END
ENDNOTES
Ch’ang-sheng-tien 長生殿, Lasting-life Palace-hall:
(i) The name of a T’ang dynasty imperial palace-hall. Seemingly a “fasting palace-hall” (chai-tien 齋殿). Wang P’u 王溥 (922 - 982), Assembly of the vital matters of the T’ang dynasty (T’ang hui-yao 唐會要), says: “In the Tenth Month of the First Year of the Heaven-treasure reign period [2nd November – 2nd December AD 742] in Florescence-purity Palace (Hua-ch’ing-kung 華清宮) Lasting-life Palace-hall was constructed, named Assembling-immortals Terrace (Chi-hsien-t’ai 集仙臺), it being used for sacrificial services to the gods.” Chi Yu-kung 計有功 (fl. ca. AD 1126), Background records of T’ang poems (T’ang-shih chi-shih 唐詩紀事) and others have felt a fasting palace-hall to be an unseemly place for lovers’ whispered vows to have taken place. He says: “Flying-frost Palace-hall (Fei-shuang-tien 飛霜殿) was the sleeping palace-hall (Ch’in-tien 寢殿), and it was most wrong of Pai Chü-yi to associate his Lasting-woe with Lasting-life Palace-hall.” No doubt Emperor Dark-progenitor and Yang Most-prized-empress sometimes departed from propriety! And Pai Chü-yi was well placed for accurate information. The two lines of Pai’s poem concerned were a basic inspiration for Hung Sheng’s drama, set around the romance of Most-prized-empress Yang and Emperor Dark-progenitor, one of the three or four most celebrated of all Chinese dramas.

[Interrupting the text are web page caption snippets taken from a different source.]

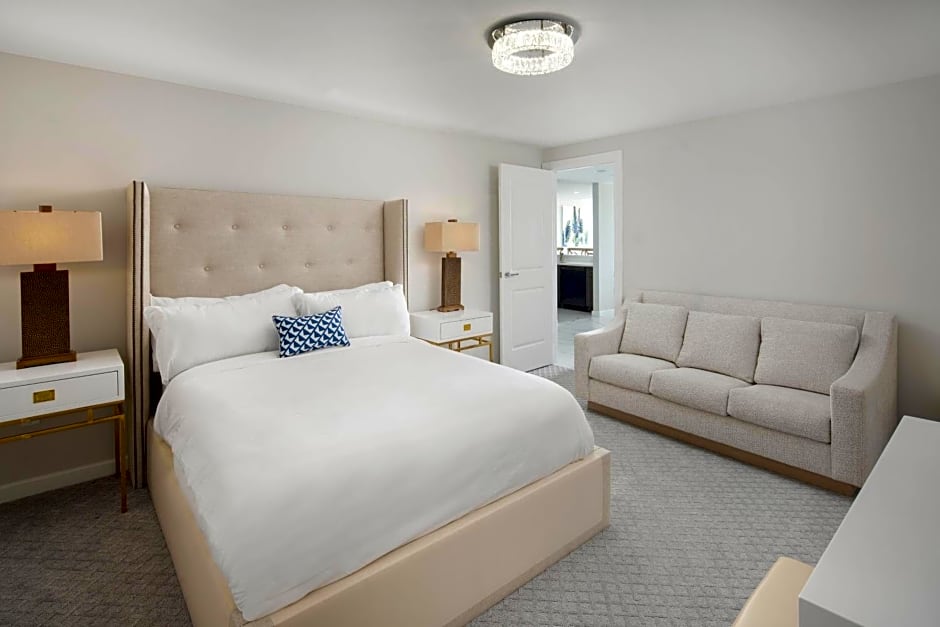 The Karol Hotel, St. Petersburg Clearwater, a Tribute Portfolio Hotel
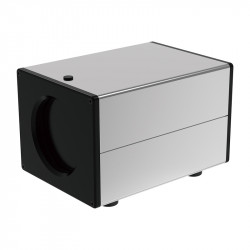 HIKVISION Temp Screening Black Box Calibrator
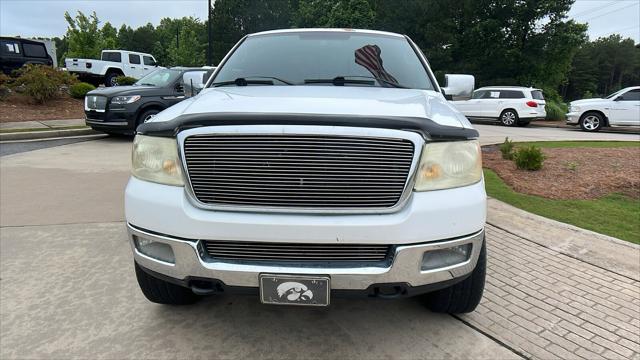 2005 Ford F-150 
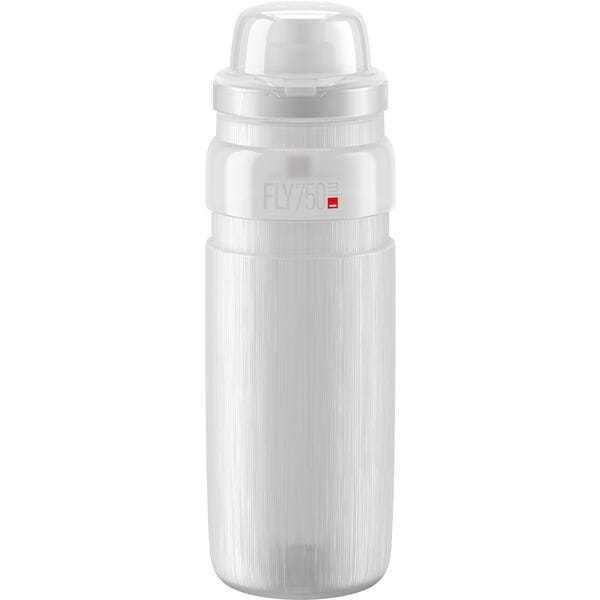 Elite Fly Tex MTB, clear 750 ml click to zoom image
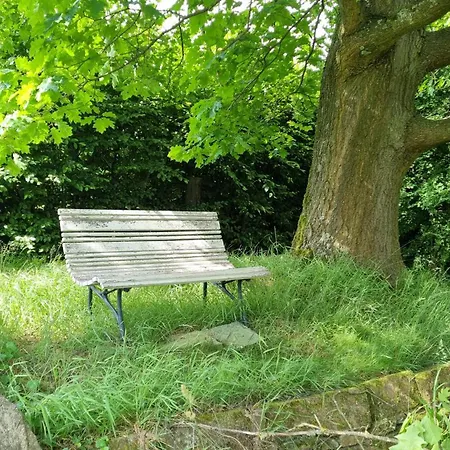 Wolfsmuehle Дом отдыха *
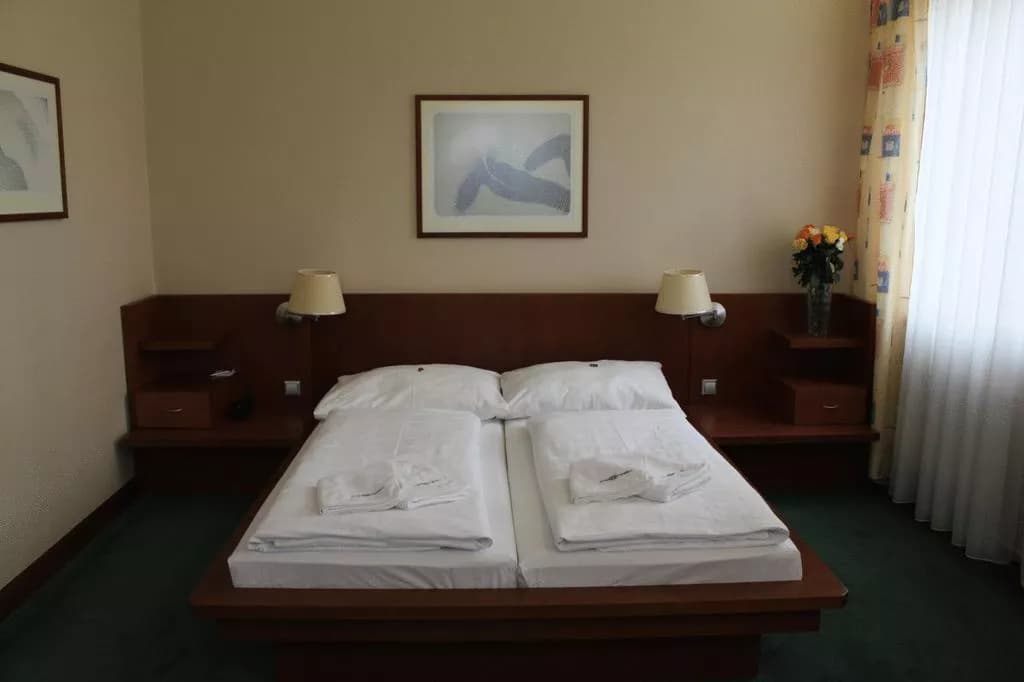 Photo 5 of Hotel Popelka
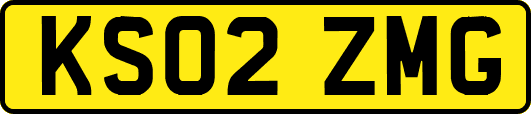 KS02ZMG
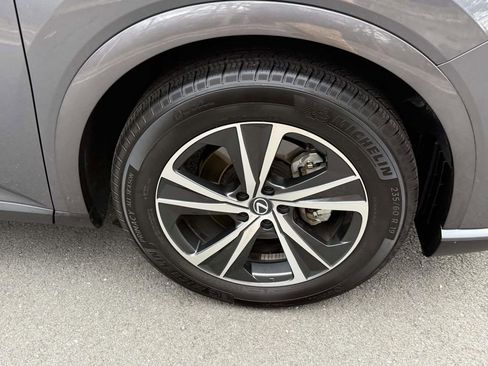 Used 2023 Lexus RX 350 Premium image 7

(ii) The title of this Wonder-play drama (Ch’uan-ch’i 傳奇) by Hung Sheng 洪昇 (1659 - 1704). Worm Cottage chats on arias (Yin-lu Ch’ȕ-t’an 螾廬曲談) says: “This play was first called Eaglewood Pavilion (Ch’en-hsiang t’ing 沉香亭). Later, the matter concerning Li Pai 李白 was removed, with the insertion of events and circumstances concerning Li Pi’s 李泌 (722-789) assisting Emperor Solemn-progenitor (Su-tsung 肅宗) [reigned 756-763] as his prime minister in the Restoration (Chung-hsing中興), changing its title to Dancing “Rainbow-skirt” (Wu Ni-ch’ang 舞霓裳). Later on, it added the various matters of the T’ang author’s novella about Most-prized-empress Yang’s (Yang Kui-fei 楊貴妃) [AD 718-AD 756] returning to Erigeron-chenopodium (P’eng-lai 蓬萊) paradise, and Shining August-emperor’s [Ming-huang 明皇, i.e. Emperor Dark-progenitor (Hsȕan-tsung 玄宗) [reigned 712 - 756] trip to the Moon Palace (Yȕeh-kung 月宮), specially concentrating on their hairpins-and-casket love destiny, its title now being changed to Lasting-life Palace-hall, being completed after ten or more years and three transformations of the draft. The play’s final name was based on lines from Pai Chü-yi’s 白居易 (772-846) poem Lasting-woe song (Ch’ang-hen ke 長恨歌), which ends with the lines:
Heaven endures and Earth lasts long,
but one day they’ll come to naught,
This love’s keen woe winds on and on,
with no term when it shall end.
2There is a biography of Hung Chi in Hummel, Arthur, Eminent Chinese of the Ch'ing period (1644 - 1912), Washington: U.S. Government Printing Office, 1943 - 1944., p. 375.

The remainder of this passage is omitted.